Repórteres e mulheres normais, mães de família e não estrelas do jornalismo, elas investigaram por meses as denúncias de assédio e estupro envolvendo Weinstein, que eram largamente conhecidas há anos, à boca pequena, nos bastidores da indústria cinematográfica, sem que nenhuma das vítimas tivesse vindo a público.
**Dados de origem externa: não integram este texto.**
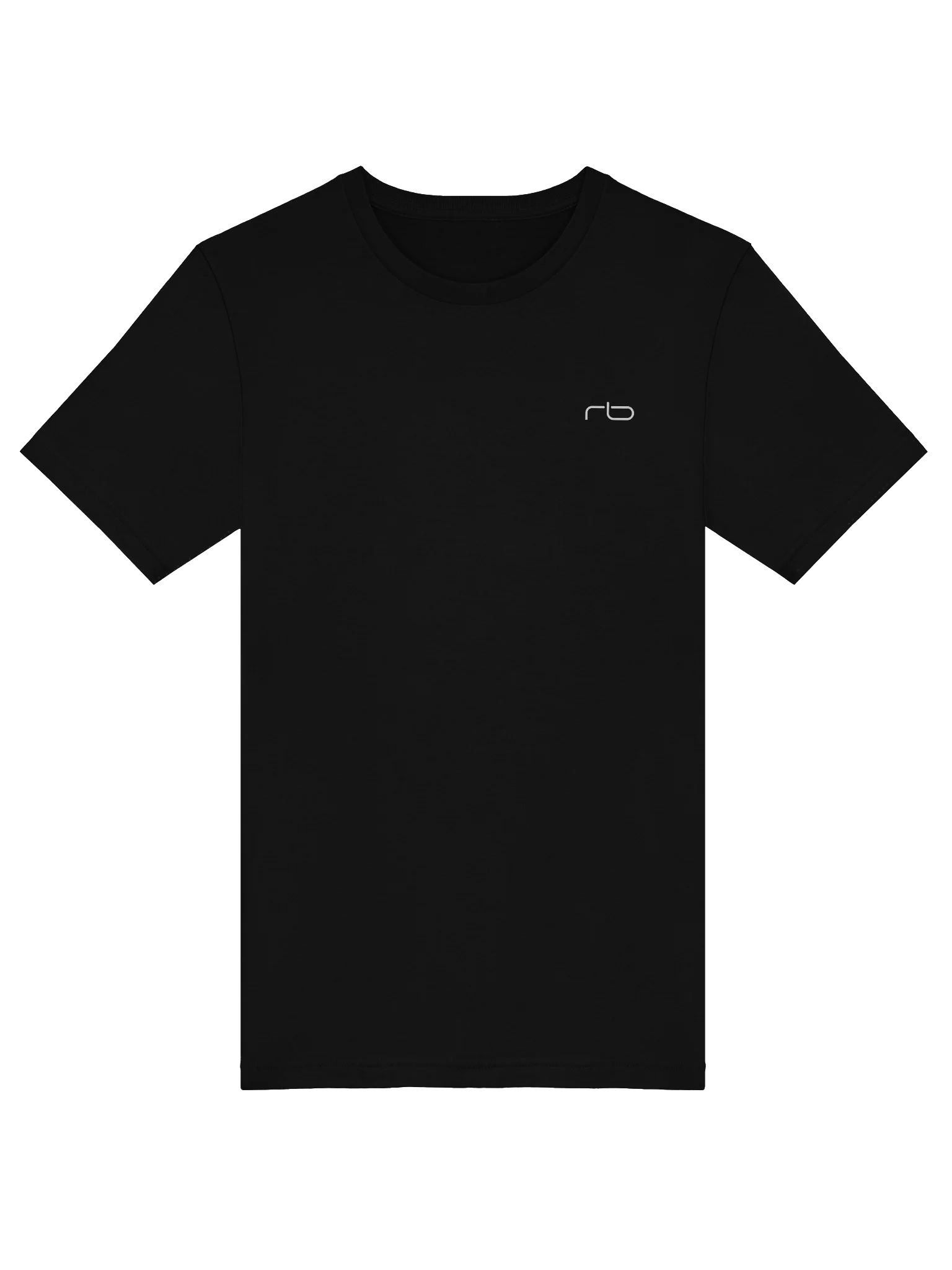 In The Loop T-Shirt product image (5)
Além do medo da exposição e da desmoralização, por acusações de difícil comprovação - por terem ocorrido a portas fechadas, não raro sem testemunhas -, várias dessas mulheres haviam sido coagidas, inclusive pelos próprios advogados, a assinarem acordos fora dos tribunais, que lhes garantiam indenizações em troca do compromisso assinado de silêncio.
 
Resgatando uma atmosfera de filmes deste gênero, que tem entre seus grandes exemplares em Spotlight - Segredos Revelados (2016) e Todos os Homens do Presidente (1976), a história coloca sua energia na mão de duas atrizes muito competentes e carismáticas, Carey Mulligan como Megan e Zoe Kazan como Jodi. Ambas carregam o filme com uma singular humanidade, desprovidas da aura de heroínas, investindo todo seu tempo e suas capacidades para desvendar as redes de proteção em torno de Weinstein, que envolvia desde seus funcionários ao próprio sistema legal, que permitia esses indecentes acordos de confidencialidade que, na verdade, protegiam o agressor, que se sentia seguro para seguir adiante com seus crimes em série.
 
Entre as vítimas, destaca-se a participação inclusive de uma real, a atriz Ashley Judd, que comparece em carne e osso no elenco, vivendo a história da qual ela foi uma das protagonistas essenciais.Ela inaugura uma galeria de personagens que são igualmente indispensáveis para sustentar o enredo, as vítimas, que, individualizadas em suas compreensíveis hesitações, vão compondo o contexto geral de uma verdadeira história de terror, que atingiu também as atrizes Rose McGowan e Gwyneth Paltrow, cujas fotografias são usadas no filme. 
 
Não escapa à diretora - que anteriormente conduziu a notável minissérie Nada Ortodoxa - o grande crime perpetrado pelo agressor, destruindo ou marcando com ferro em brasa as vidas e as esperanças de tantas jovens, que apenas sonhavam com uma carreira. Neste sentido, vítimas como as ex-funcionárias da Miramax, Laura Madden (Jennifer Ehle) e Rowena Chiu (Angela Yeoh), transformam os dilacerantes relatos de suas experiências em algo vivo, que a plateia pode compartilhar junto com as repórteres, tentando febrilmente dar consistência à sua reportagem - que, como poucas, foi capaz de moldar mudanças num futuro não muito distante. Afinal, não só Weinstein foi processado e preso, como mudou completamente a percepção que se tem hoje dos relatos de assédio sexual no trabalho, materializada no movimento #MeToo.
 
Repórter que viu sua reportagem sobre dois casos de assédio praticados por Donald Trump não impedirem sua eleição como presidente, Megan Twohey pôde desfrutar da satisfação de não ver essa impunidade replicada em Weinstein, condenado a 23 anos num único processo, com dezenas de outros pendentes.
 
Por outro lado, não deixa de ser alentador um filme que demonstra como o jornalismo pode ser realmente relevante e fazer a diferença - embora nem sempre (ou quase nunca) os principais órgãos de imprensa tenham a coragem de oferecer as condições necessárias aos seus profissionais para produzirem histórias como esta, correndo riscos ao contrariarem interesses poderosos e escusos.